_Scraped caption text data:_
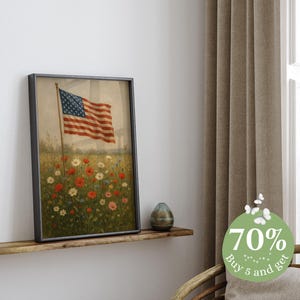 May include: Framed print of the American flag waving in a field of wildflowers. The artwork features a vintage aesthetic with a black frame. The flag has red and white stripes and a blue field of stars. The flowers are red, white, and yellow.
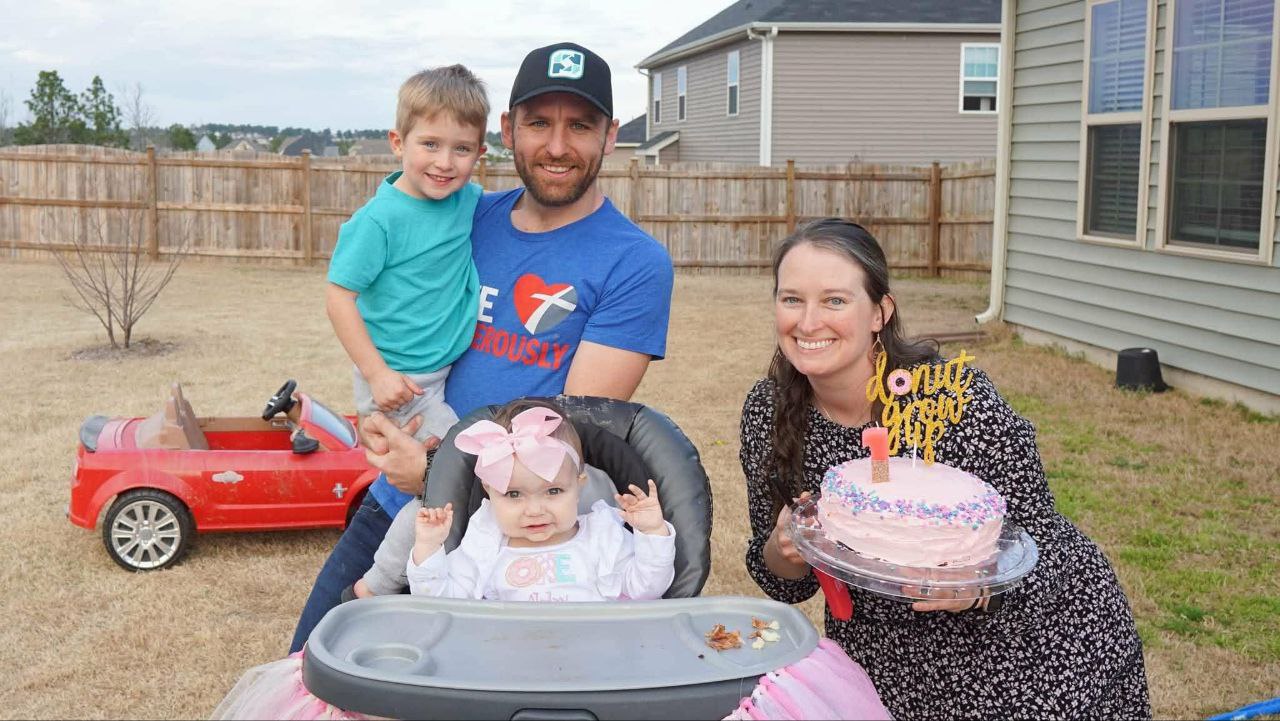 Family portrait by the water
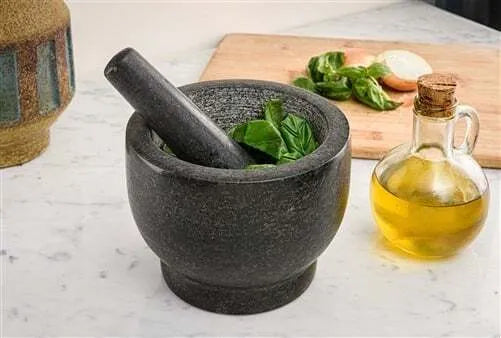 UA276 Mortar and Pestle showing spices in bowl on white table.
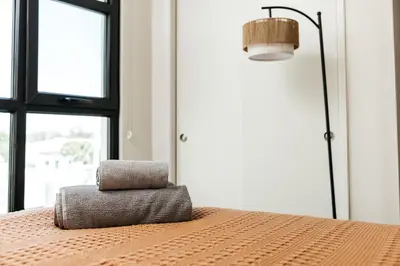 a bedroom with a bed with a lamp and two pillows at Cozy 2B Apartment in Santa Monica in Los Angeles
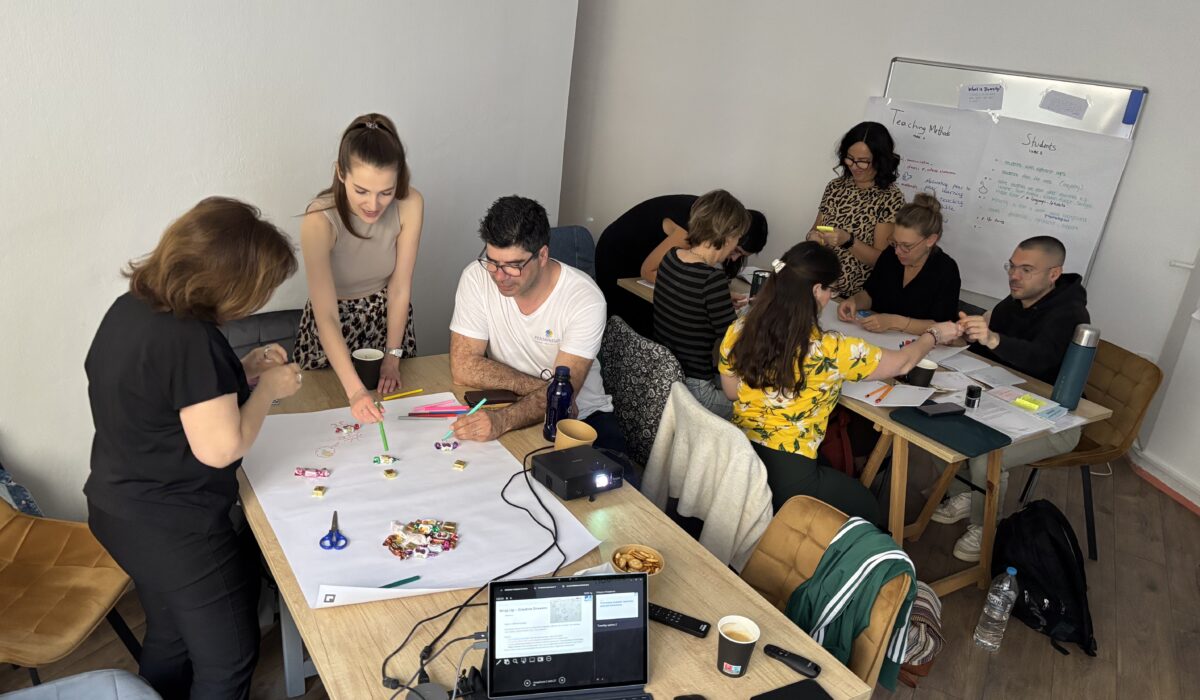 Gruppendiskussion in einem modernen Büro, bei der Teilnehmer an einem Tisch kreativ arbeiten. Auf dem Tisch liegen Bastelmaterialien, Notizen und ein Laptop. Die Atmosphäre ist kollaborativ und inspirierend.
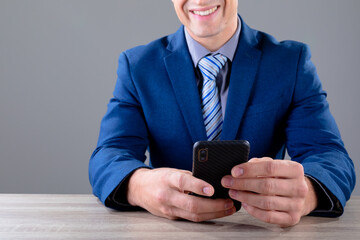 Smiling caucasian businessman using smartphone, isolated on grey background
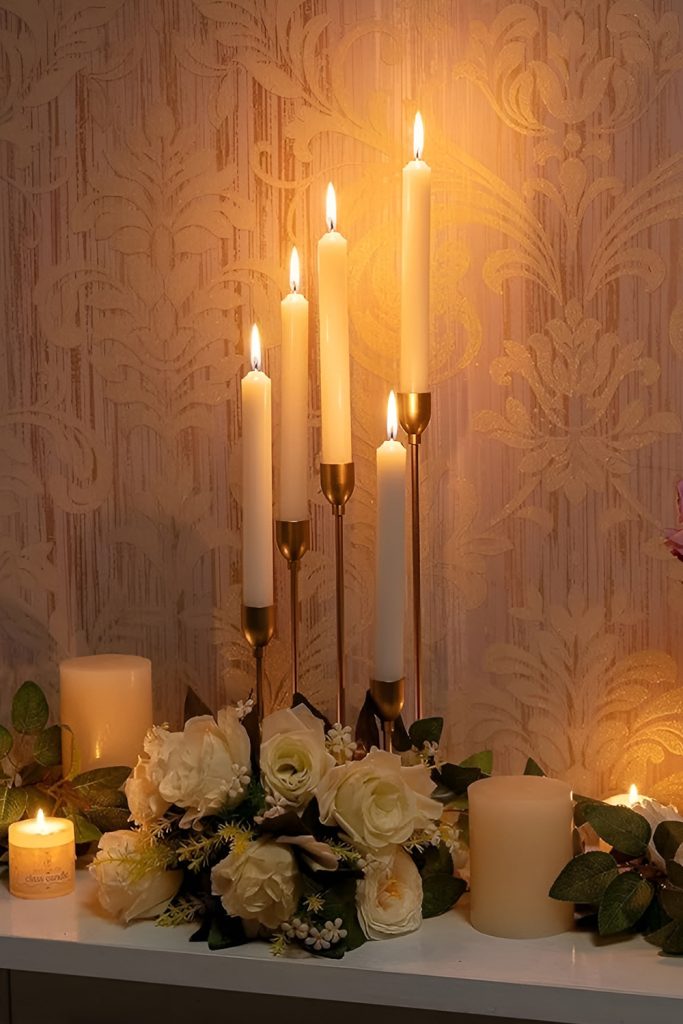Golden Candle Holders with Seasonal Greenery for a Warm Ambience
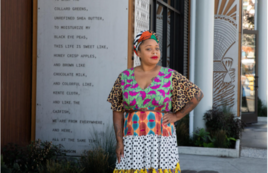 An artist dressed in a multipattern dress and headwrap stands in front of her work at the Jackson Apartments complex in the Central District.. 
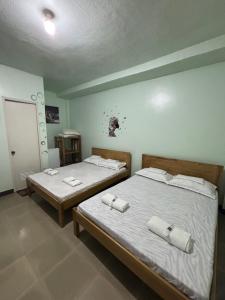 two twin beds in a room with two towels on them at Mischa Hostel in Dauis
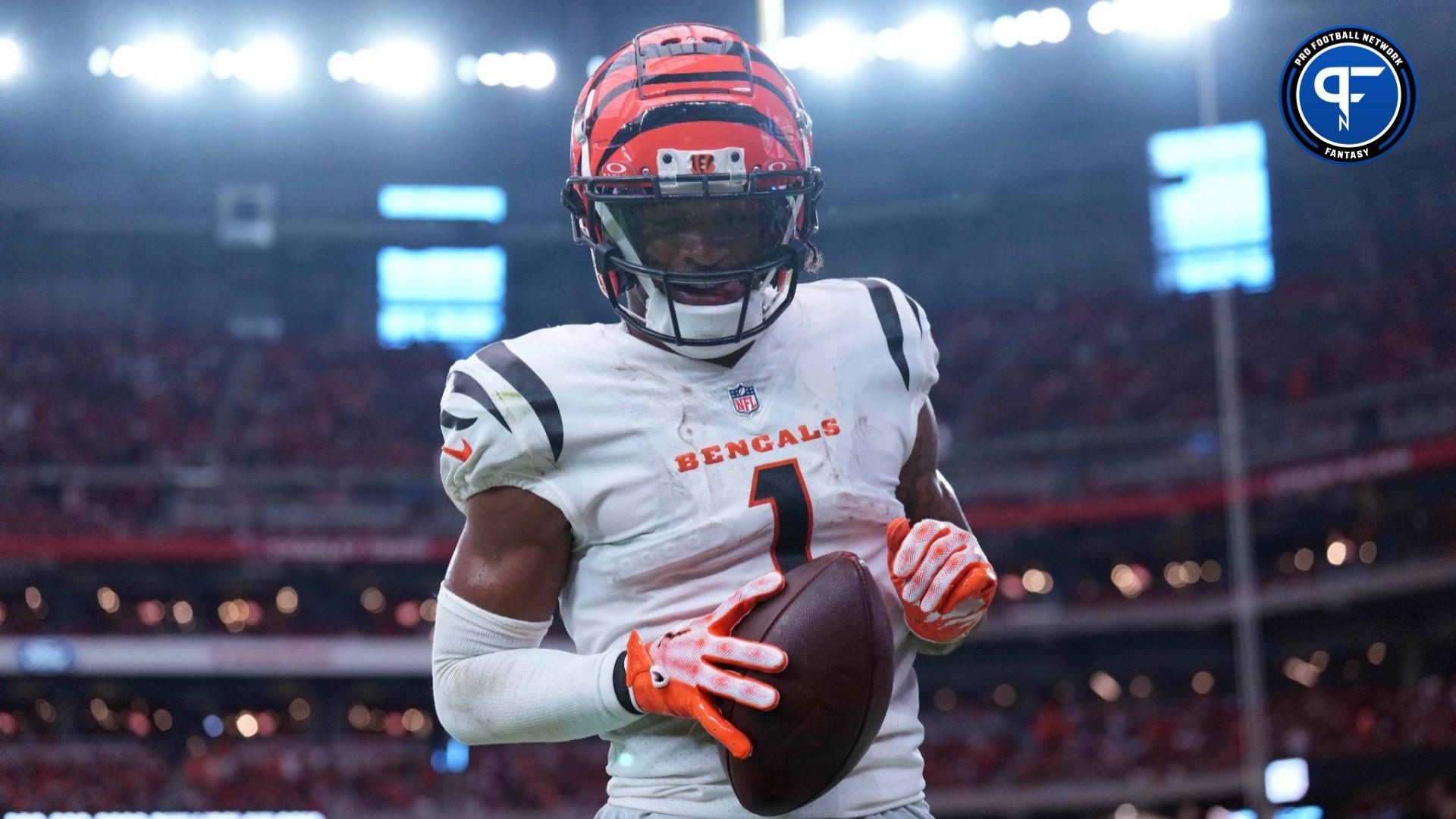 Cincinnati Bengals wide receiver Ja'Marr Chase (1) celebrates a touchdown catch against the Arizona Cardinals during the second half at State Farm Stadium.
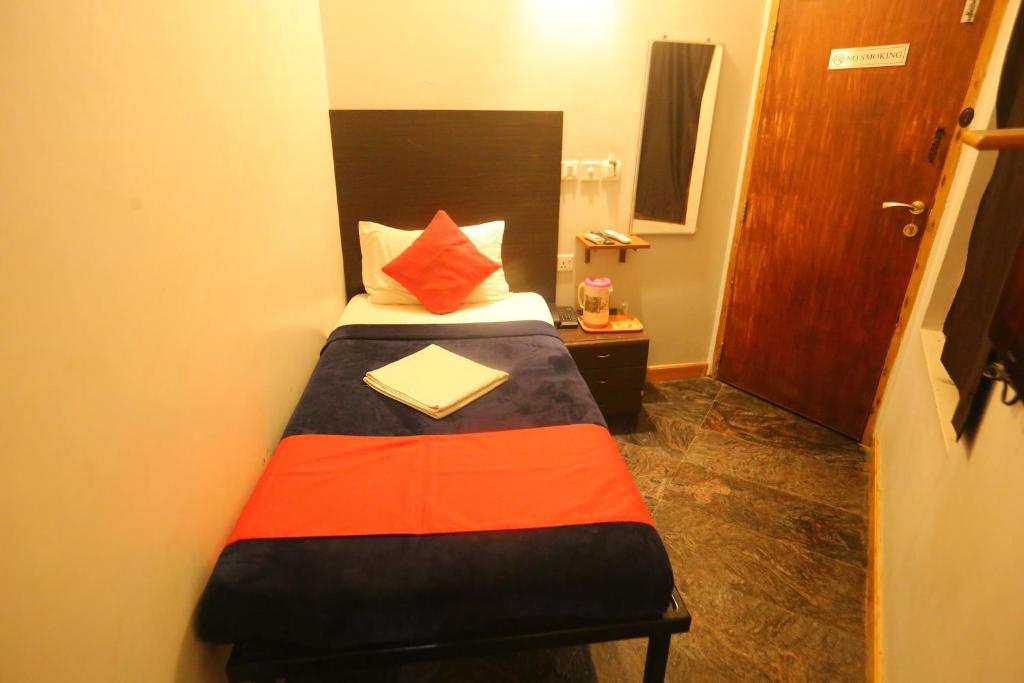 een kleine slaapkamer met een bed met een oranje en zwarte deken bij Le Apex Home Stay in Auroville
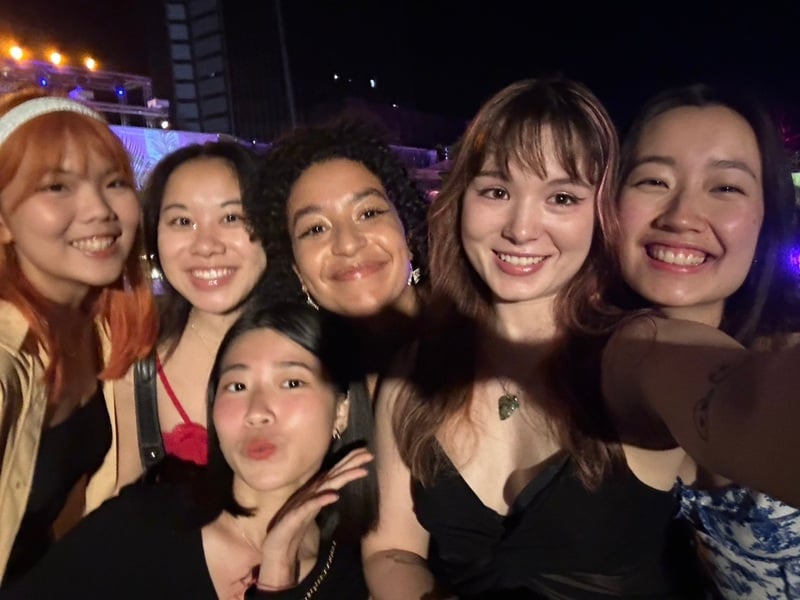 A group of females taking a selfie and smiling while it is dark outside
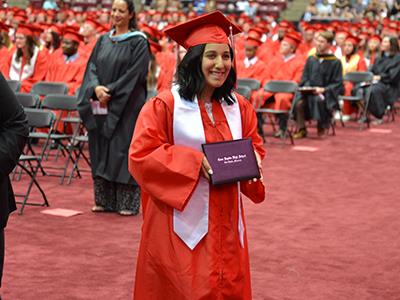 Coon Rapids High School senior poses with diploma at graduation ceremony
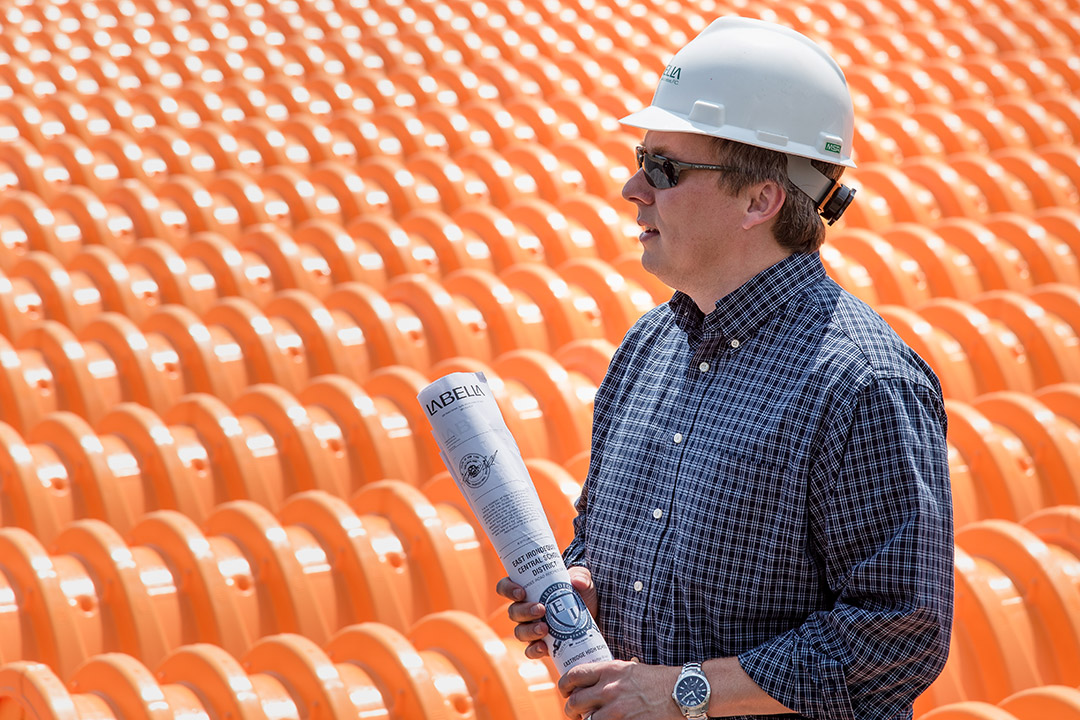 Man wearing hard hat holding blueprints.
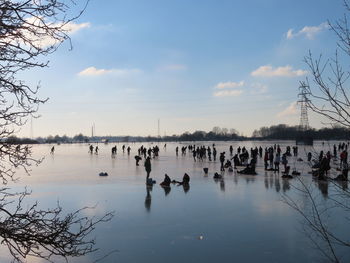 Group of people on calm lake at sunset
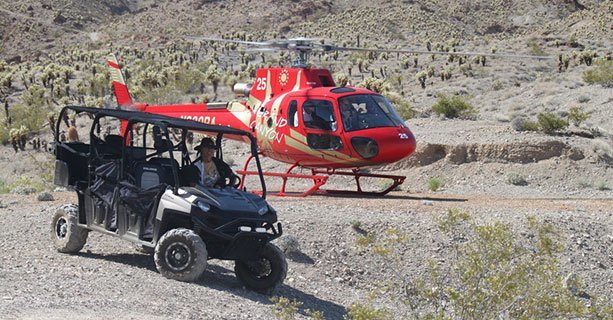 Helicopter landed behind an ATV waiting for passengers.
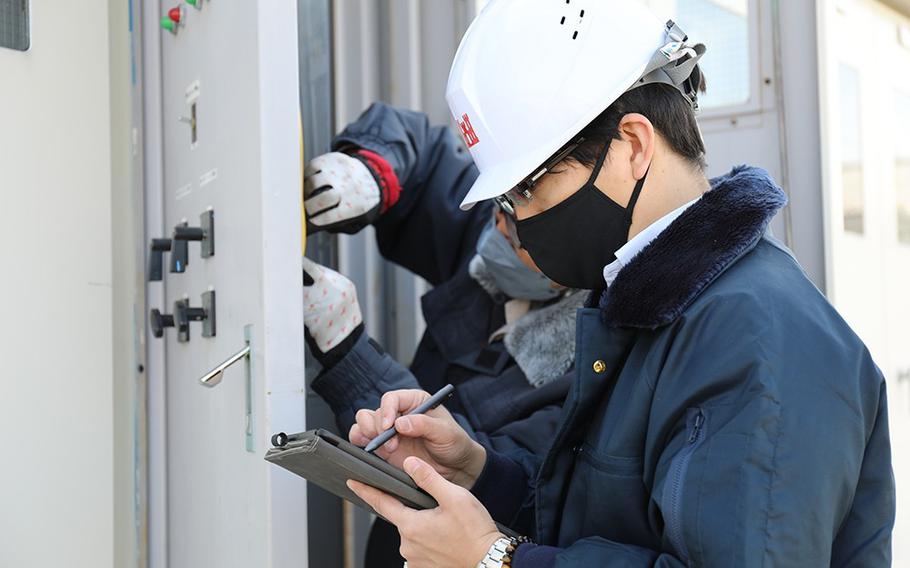 Shunsuke Nakachi, an engineer technician for U.S. Army Garrison Japan’s Directorate of Public Works Sagami Sub-Facilities Engineer, records the status of a high-voltage switcher while another employee checks it March 7 on Sagami General Depot, Japan. Nakachi and his team maintain and control utilities on the depot such as electricity, water, sewage and air conditioning. (Noriko Kudo)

_PROBLEM:_ Could you output every record above exactly as written, leaving out the pictures?

_EXERCISE OUTPUT:_
 May include: Framed print of the American flag waving in a field of wildflowers. The artwork features a vintage aesthetic with a black frame. The flag has red and white stripes and a blue field of stars. The flowers are red, white, and yellow.
 Family portrait by the water
 UA276 Mortar and Pestle showing spices in bowl on white table.
 a bedroom with a bed with a lamp and two pillows at Cozy 2B Apartment in Santa Monica in Los Angeles
 Gruppendiskussion in einem modernen Büro, bei der Teilnehmer an einem Tisch kreativ arbeiten. Auf dem Tisch liegen Bastelmaterialien, Notizen und ein Laptop. Die Atmosphäre ist kollaborativ und inspirierend.
 Smiling caucasian businessman using smartphone, isolated on grey background
Golden Candle Holders with Seasonal Greenery for a Warm Ambience
 An artist dressed in a multipattern dress and headwrap stands in front of her work at the Jackson Apartments complex in the Central District.. 
 two twin beds in a room with two towels on them at Mischa Hostel in Dauis
 Cincinnati Bengals wide receiver Ja'Marr Chase (1) celebrates a touchdown catch against the Arizona Cardinals during the second half at State Farm Stadium.
 een kleine slaapkamer met een bed met een oranje en zwarte deken bij Le Apex Home Stay in Auroville
 A group of females taking a selfie and smiling while it is dark outside
 Coon Rapids High School senior poses with diploma at graduation ceremony
 Man wearing hard hat holding blueprints.
 Group of people on calm lake at sunset
 Helicopter landed behind an ATV waiting for passengers.
 Shunsuke Nakachi, an engineer technician for U.S. Army Garrison Japan’s Directorate of Public Works Sagami Sub-Facilities Engineer, records the status of a high-voltage switcher while another employee checks it March 7 on Sagami General Depot, Japan. Nakachi and his team maintain and control utilities on the depot such as electricity, water, sewage and air conditioning. (Noriko Kudo)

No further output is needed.